Start at the line in the entries below that contains "Auf dem Foto", stop at the line that contains "a table with", and output exactly the lines in that span, both ends included.

Task material ▸
'''
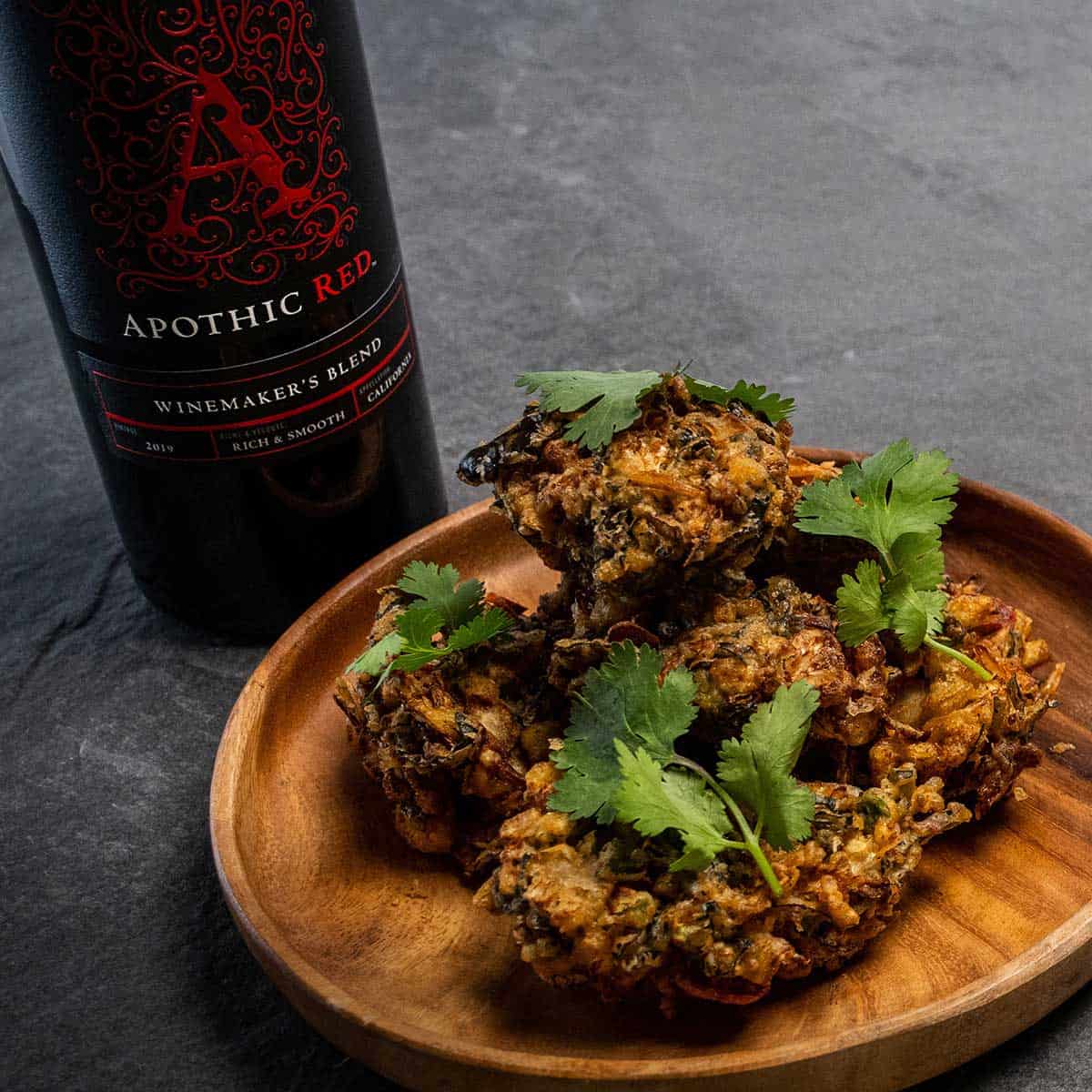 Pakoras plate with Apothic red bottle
'''
'''
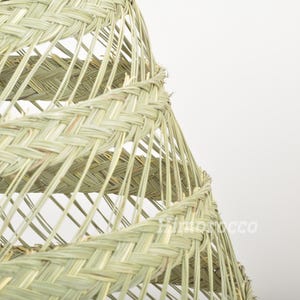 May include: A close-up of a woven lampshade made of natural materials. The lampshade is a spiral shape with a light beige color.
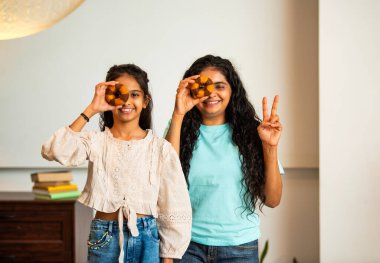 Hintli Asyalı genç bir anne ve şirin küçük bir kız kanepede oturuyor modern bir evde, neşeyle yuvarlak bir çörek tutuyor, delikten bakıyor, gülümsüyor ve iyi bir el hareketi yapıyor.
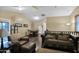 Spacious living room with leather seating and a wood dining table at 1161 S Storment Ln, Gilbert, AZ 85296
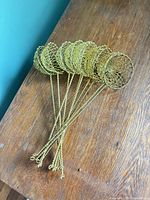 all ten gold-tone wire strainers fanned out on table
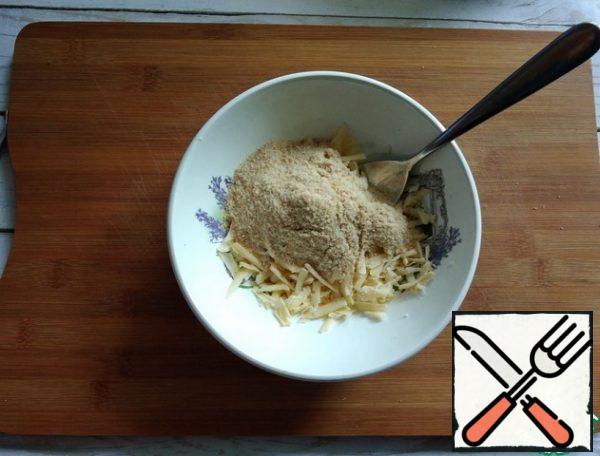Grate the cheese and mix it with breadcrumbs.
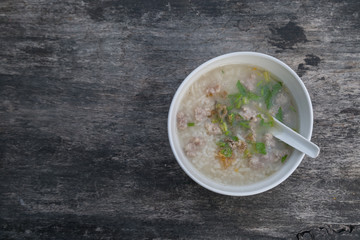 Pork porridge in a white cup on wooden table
'''
'''
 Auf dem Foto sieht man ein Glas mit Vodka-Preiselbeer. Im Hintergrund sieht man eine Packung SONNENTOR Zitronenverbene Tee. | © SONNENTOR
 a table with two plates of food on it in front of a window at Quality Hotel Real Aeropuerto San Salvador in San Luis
'''
Completed task ▸
 Auf dem Foto sieht man ein Glas mit Vodka-Preiselbeer. Im Hintergrund sieht man eine Packung SONNENTOR Zitronenverbene Tee. | © SONNENTOR
 a table with two plates of food on it in front of a window at Quality Hotel Real Aeropuerto San Salvador in San Luis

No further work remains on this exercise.